I used a compositional technique that often drives my writing, selecting a limited set of images (in this case, a mirror, a hammer, a book, a chessboard and the two chess pieces) and combining them in various ways, experimenting with juxtapositions and different ways of presenting the objects. Ever since I set fire to a tree in my grandad’s garden when I was ten, I have been fascinated by fire, and an image that has repeatedly imposed itself on my mind’s eye lately has been that of one of my own books, in flames. So I knew early on that I would include footage of a burning copy of the mannequins are more real than you. In the end, I burned just one page (a poem called “The mannequins are only playing dead”), and in the film poem this shot appears more than once, playing at different speeds and, in its first iteration, in reverse, so that the written page is created by the flames. But I didn’t want the destruction of my own work to end there. Inspired perhaps by @gadgetgreen (who a year or so ago tore up, mangled and generally wrecked a copy of my book Mono and tweeted the pictures), I filmed a stop-motion sequence, in which rips appear in pages of my book and the shredded remains crawl away, out of shot. Like the burning page, we see this more than once: forwards and backwards. Creation mirrors destruction.

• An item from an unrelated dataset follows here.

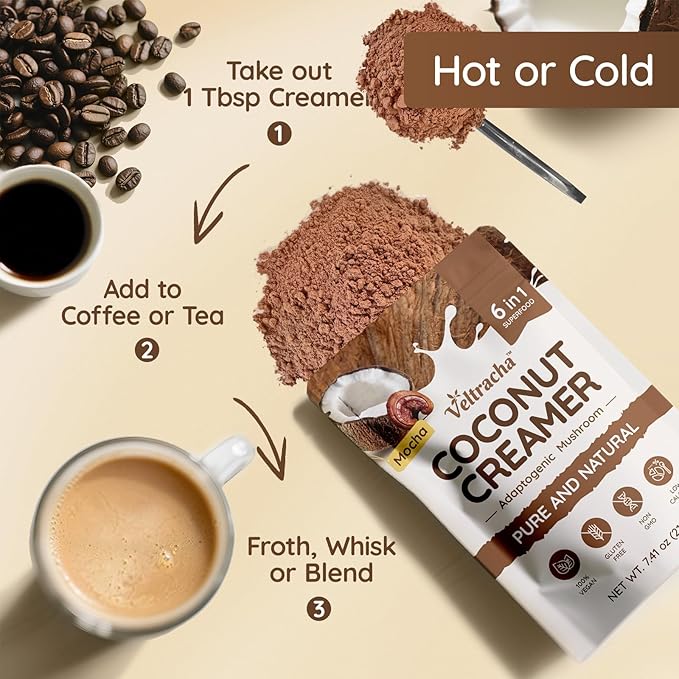 Veltracha Mushroom Coffee Creamer, Superfood Coconut Creamer Powder with 6 Adaptogenic Mushrooms - Reishi, Turkey Tail, Lions Mane, Non-Dairy Coconut Powdered Creamer for Energy & Focus & Digestion, 30 Servings, Mocha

At several points in the film, the viewer is presented with brief close-ups of bits of text, including random fragments visible on torn, scrunched-up pages. Looking becomes reading, or perhaps writing: the shots are so fleeting that the viewer is forced to select words and phrases to read, and in that act of selection, the viewer/reader writes the film’s meaning. When I write or make pictures, I never set out to determine meaning; that is for the reader to decide, through a creative act of interpretation. In making mirror | writing, my sole intention was to play with some objects that fascinated me, toying with reflections and echoes. I had no final destination in mind. The viewer looks in the mirror. The viewer writes.
The film was made using a smartphone and a tablet, commonplace possessions. We are all photographers, writers, artists, film makers now. As Isidore Ducasse said, “Poetry should be made by all.”